C’est une pièce à la richesse foisonnante, un texte lumineux, puissant, qu’anime un amour profond de l’humanité, une foi en l’homme, un sens du désespoir et une drôlerie - une drôlerie par-dessus tout - brutale et fantastique.


On bascule rapidement de la délicatesse la plus extrême au comique le plus délirant : c’est Jarry doublé de Pasolini, c’est Copi en Afrique.


Tout y est dévoilé crûment. Nudité du corps d’une femme blanche, la mère, qui se fait masser par un homme noir, Moussa, le serviteur, parabole à peine voilée d’un désir de cannibalisme. Une femme réduite à son désir, une femme devenue sexe.
Tout au long de la pièce résonne le râle de cette femelle en rut. Il y retentit aussi la violence survoltée d’un homme, le fils, icône dénaturée d’un capitalisme avide et aveugle qui dévore à coups de téléphone et de dollars les hommes et les territoires. Personnage violent, grossier, démesuré, monstrueux presque.

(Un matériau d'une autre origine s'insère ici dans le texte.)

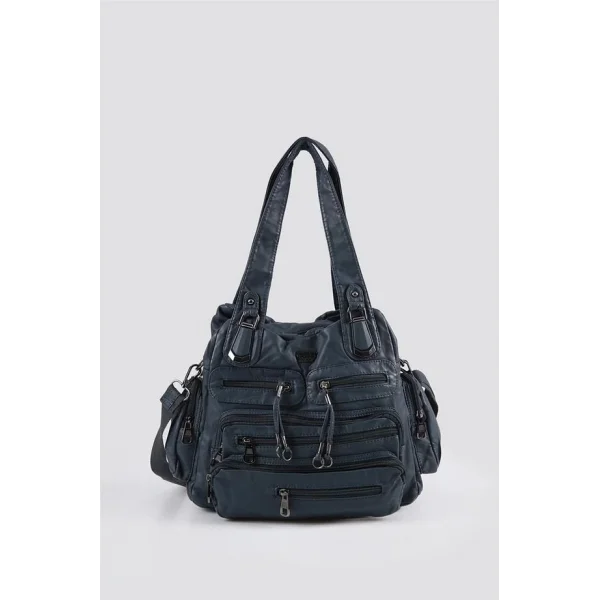 Miver Mavi Cilt Omuz Çantası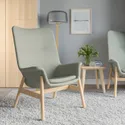 IKEA VEDBO ВЕДБУ, крісло із високою спинкою, Гарматний світло-зелений 305.522.26 фото thumb №4
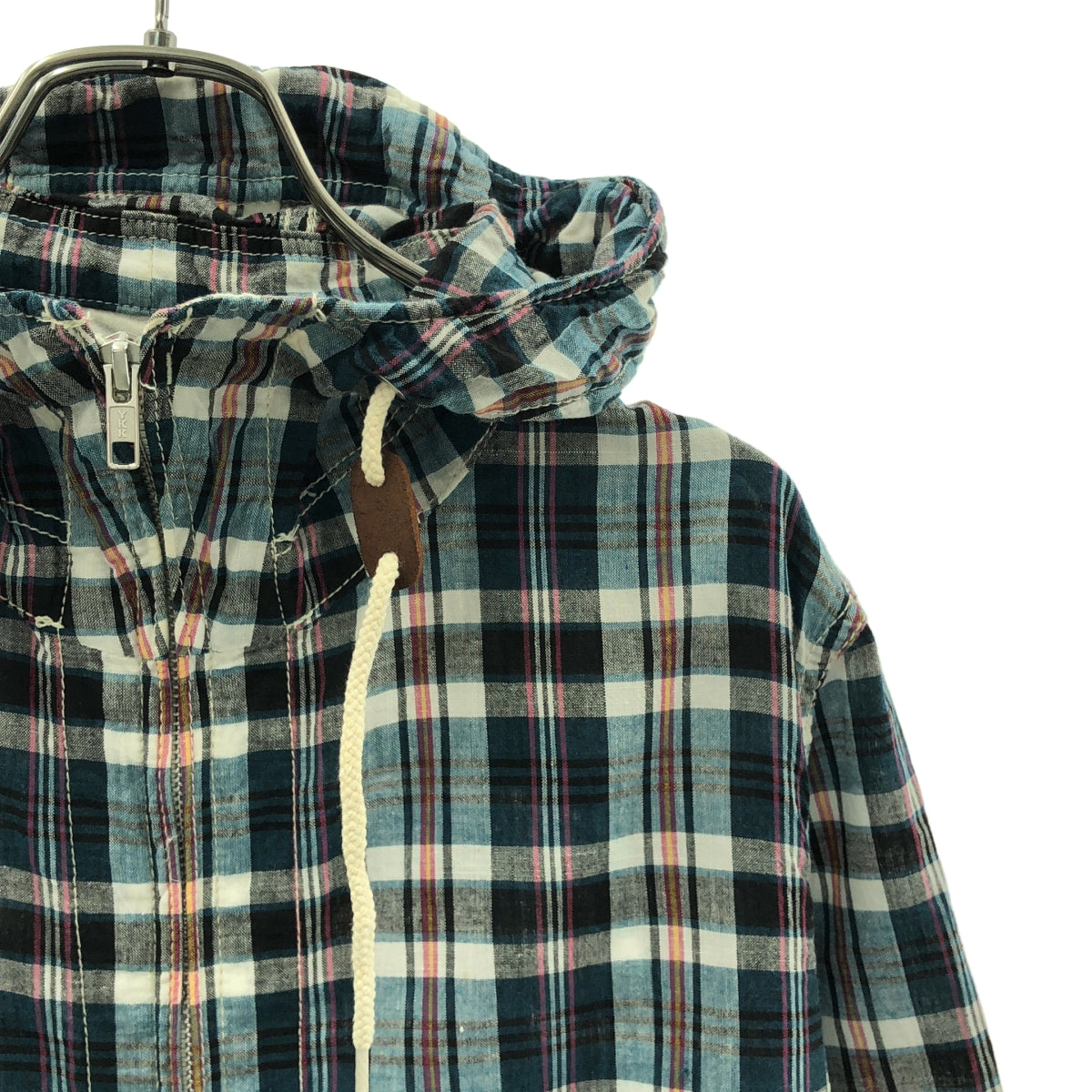 COMME des GARCONS HOMME / コムデギャルソンオム | 2012SS | コットン チェック ジップパーカー | S | メンズ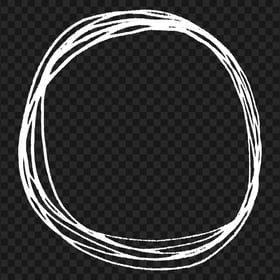 Drawing Circle White Transparent PNG
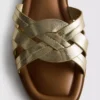 Sandalias de imitación de cuero trenzado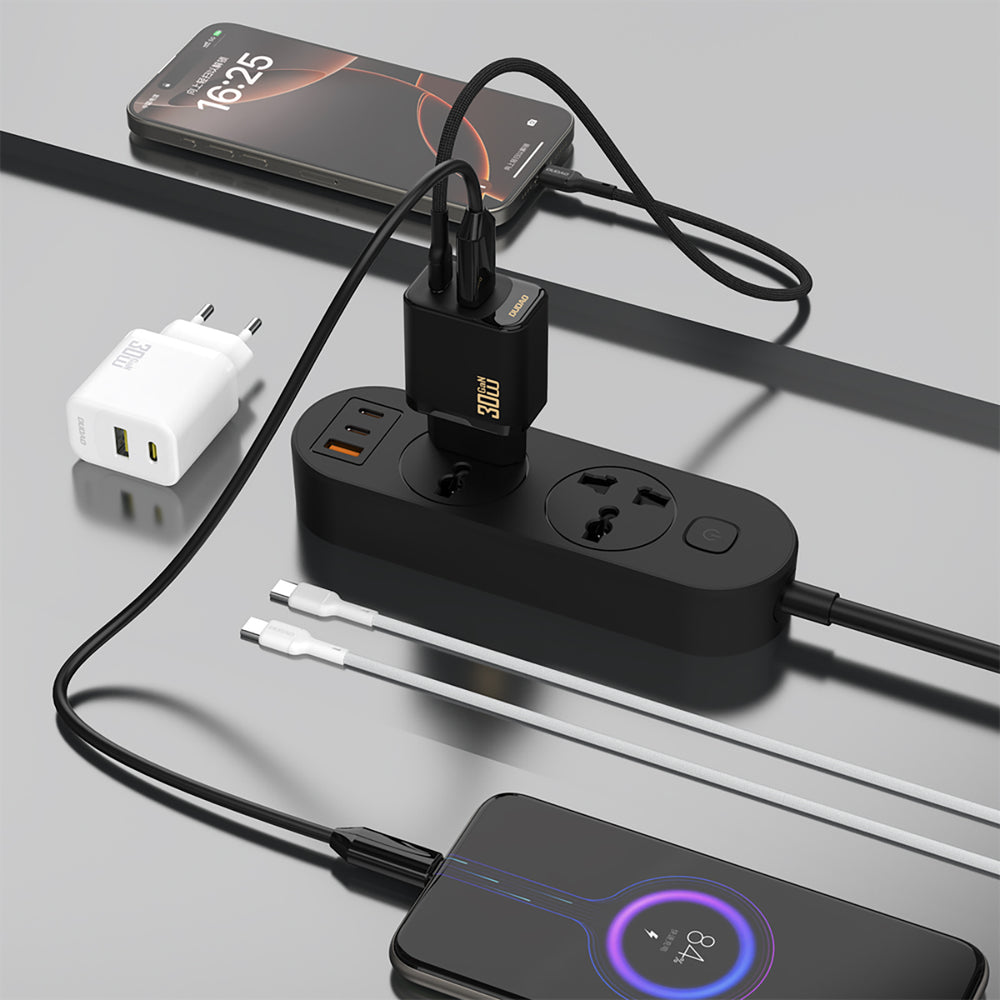 Dudao A27TEU PD 30W GaN USB-A USB-C Wall Charger - Black_2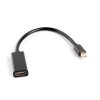 Adapter mini DisplayPort 1.2 - HDMI 0,1m czarny AD-0005-BK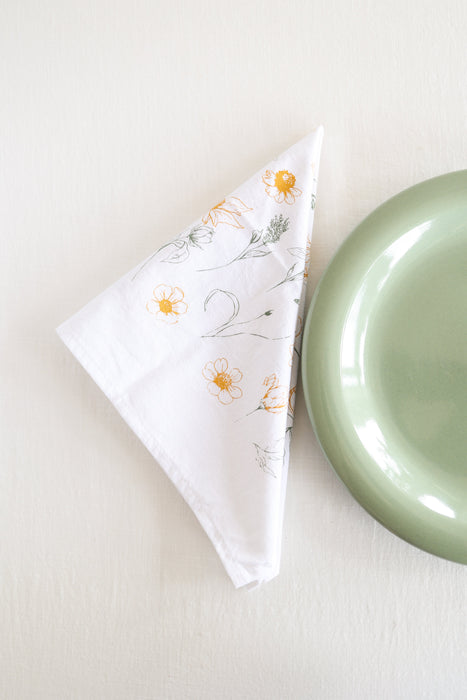 Flower Garden Napkins Set of 4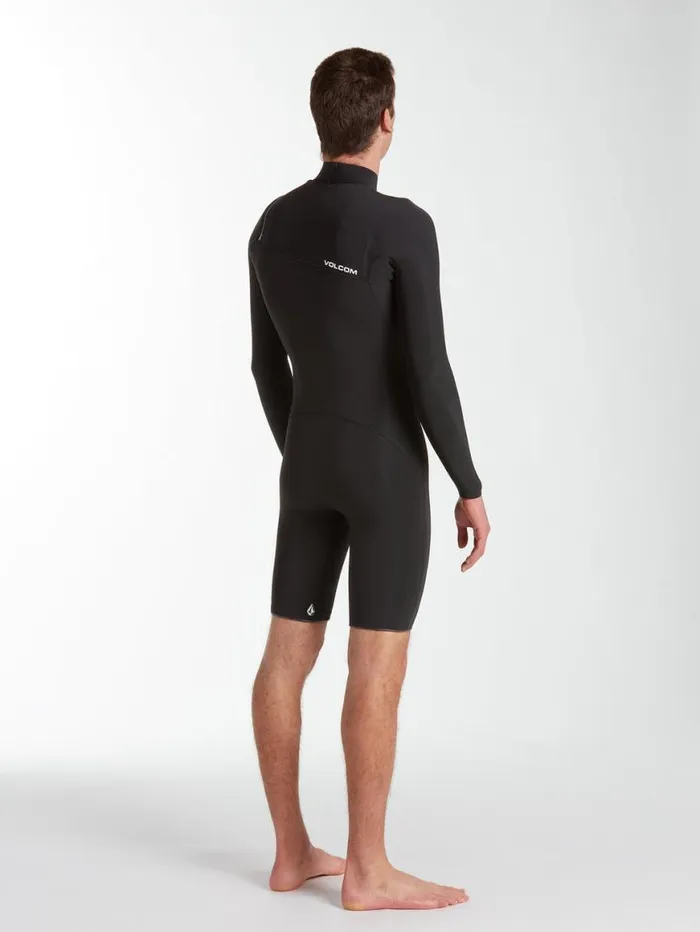 Mens Modulator 22mm Long Sleeve Springsuit 8211 Black Mens Volcom Surf Vitals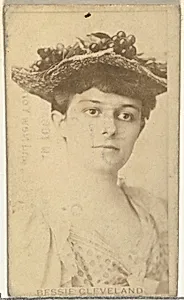 Bessie Cleveland, from the Actors and Actresses series (N145-8) issued by Duke Sons & Co. to promote Duke Cigarettes by W. Duke, Sons & Co.|American Tobacco Company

Au coeur de la pièce, l’énigme enfin de l’africain Moussa qui endosse docilement sans qu’on le comprenne ni ne l’accepte, l’habit d’esclave dont on veut l’affubler, réalisant les uns après les autres les fantasmes de l’occupant, accoucheur pervers du dialogue. Jusqu’à ce qu’on découvre qu’il manipulait par son secret, tout ce petit monde, pour mieux s’en emparer, le dévorer peut-être, qui sait, à son tour.

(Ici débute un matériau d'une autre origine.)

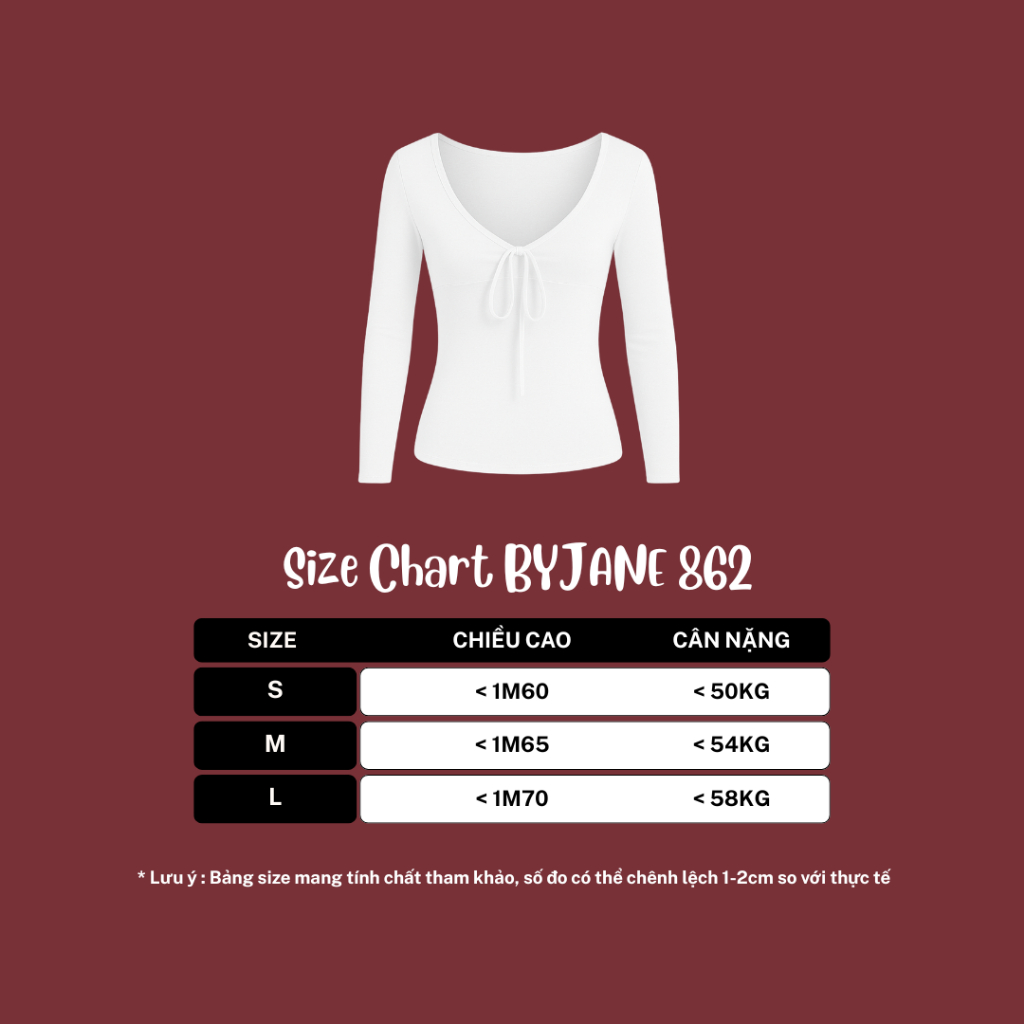 (XẢ KHO) Áo Thun Nữ Cổ V Thắt Nơ Dài Tay Ôm Body Chất Cotton Lông Mịn Co Dãn BYJANE-862 | BigBuy360 - bigbuy360.vn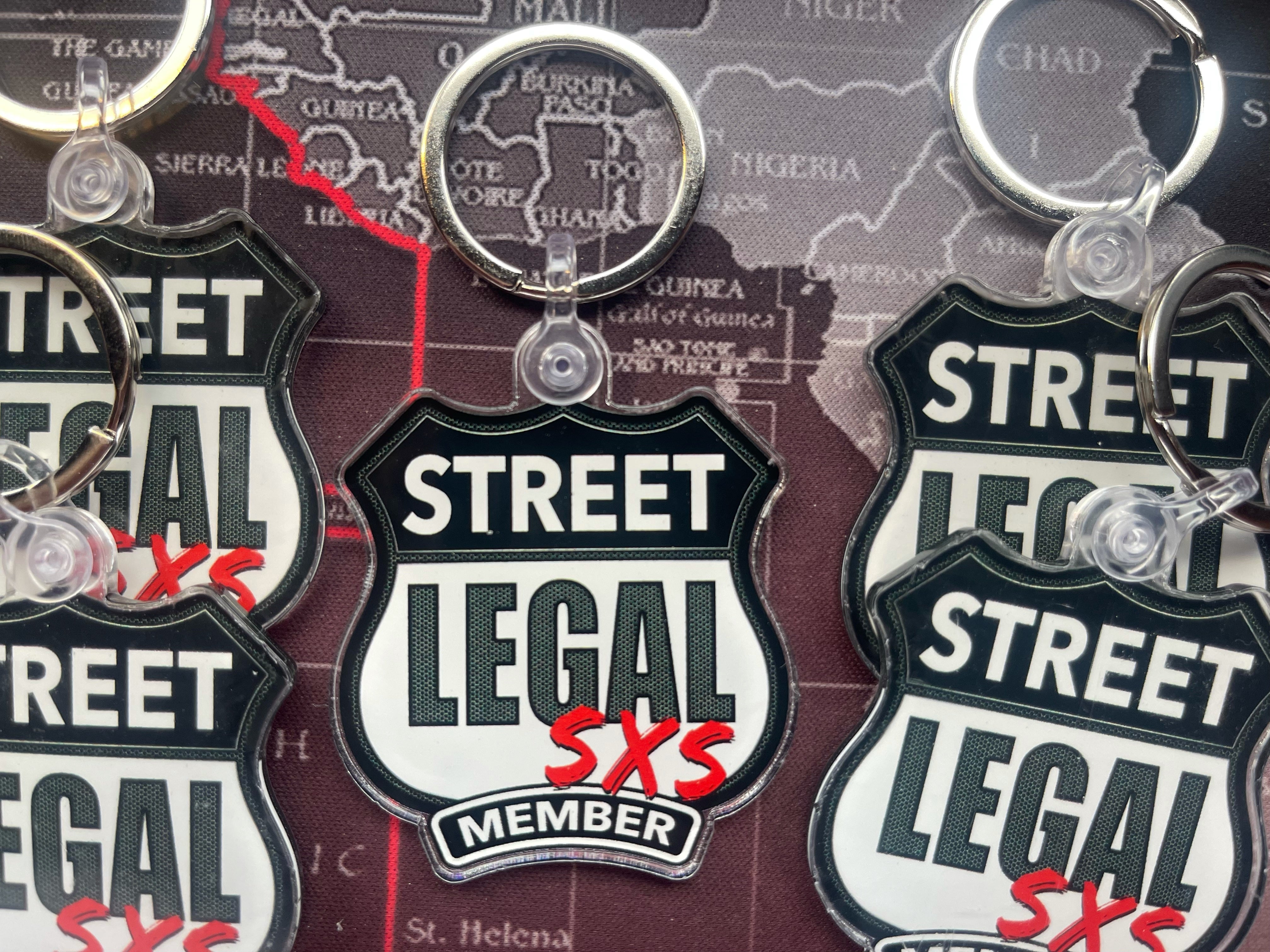 SLSXS Member Badge Key Chain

Il ne faut pas chercher le réel, le naturel dans le texte d’Arezki Mellal, nous sommes dans le registre de l’excès, du grotesque même parfois. C’est sous le prisme de la comédie qu’Arezki nous livre son portrait au vitriol, une comédie qui tourne au vaudeville, ponctuée de dialogues rapides, décalés, de quiproquos, de fausses interprétations, d’accidents.
C’est un comique physique, quasi clownesque, fait de chutes, de gospels. Un comique délirant, fait de circoncisions, d’amputations et de ventes d’armes.


La langue, le petit nègre, produit un effet dévastateur, car elle n’est évidemment pas la langue de Moussa, mais bien celle des occidentaux. Un peu comme des parents parlant à leurs enfants dans un sabir de leur invention, baragouin que les enfants reproduisent à leur tour croyant parler la langue des parents. C’est ici la projection fantasmée et méprisante du français d’Afrique de notre paire d’incultes reprise à son compte, par calcul ou par facilité, par l’objet même de ce mépris.


C’est l’occident, monstre à deux têtes, (couple ubuesque) - mère et fils - contre nature, dégénérés, pervers qui viennent en Afrique pour y trouver le sexe, qui cherchent à acquérir, conquérir, vendre, posséder, en un mot : commercer du sexe et de l’argent. Couple invraisemblable de porcs affamés pour lequel la rédemption viendra par l’acte de cannibalisme, qui se retournera contre eux : le fils, finalement circoncis, amputé, émasculé.


L’espace ne peut être qu’unique. C’est un monde autant fantasmé que réel. L’espace est variable et n’a de réalité que la vision qu’en ont les personnages. Un espace aux contours incertains, changeants, protéiformes. Un espace traversé de lumières hypnotiques, qui iront de la blancheur froide des hôtels à l’occidentale, à la profondeur rouge brique de la terre africaine. Un espace en mutation constante qui s’invente sans cesse et que structure la lumière, en séries de visions hallucinatoires, nimbé de musiques empruntées à la tradition africaine et revisitées, de danses du Sahara retranscrites qui viendront aussi suspendre la comédie et produire le chaos des corps.


Le spectacle finira sur une note aussi optimiste que nostalgique. A la fin, c’est l’Afrique qui reste, avec ses enfants, ses mobylettes, sa poussière. C’est elle, le seul vainqueur et le seul vaincu. C’est une terre qui peut tout supporter et tout endurer, mais que rien ne sauvera et rien ne changera, en dehors d’elle-même. Elle a ses propres règles du jeu.